No pictures, please. Copy exactly the lines from the one with "Taç Lisanslı Disney" through the final line below.

### [Supplied data]
________

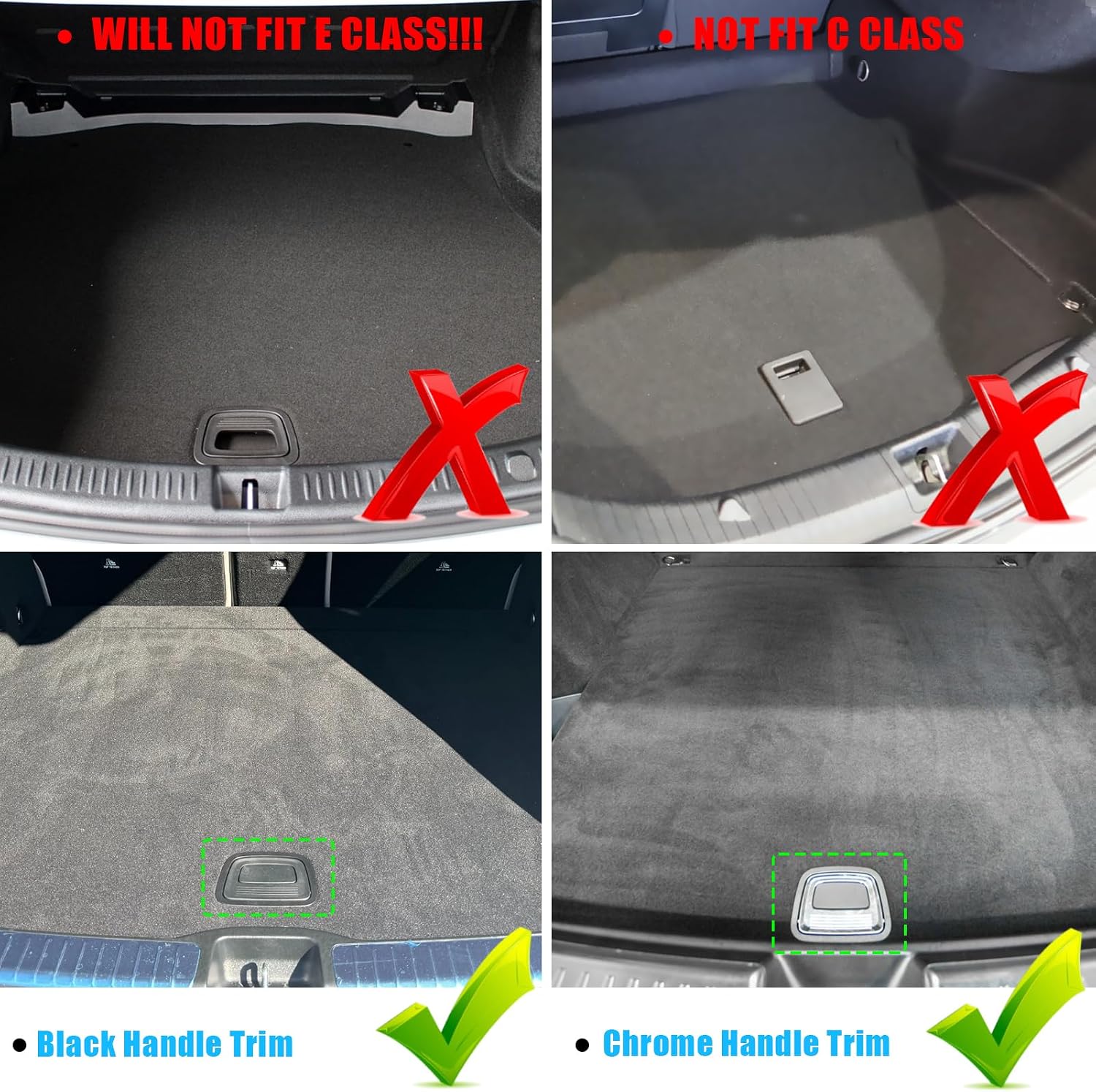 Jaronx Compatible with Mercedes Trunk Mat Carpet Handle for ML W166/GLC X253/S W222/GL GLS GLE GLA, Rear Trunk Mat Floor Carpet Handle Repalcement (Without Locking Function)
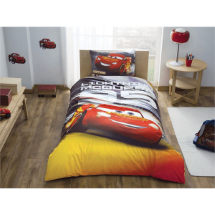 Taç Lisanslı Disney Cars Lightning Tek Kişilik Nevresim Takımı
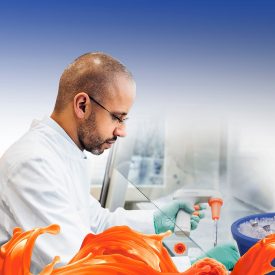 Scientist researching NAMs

________

### [Solution to this problem]
 Taç Lisanslı Disney Cars Lightning Tek Kişilik Nevresim Takımı
 Scientist researching NAMs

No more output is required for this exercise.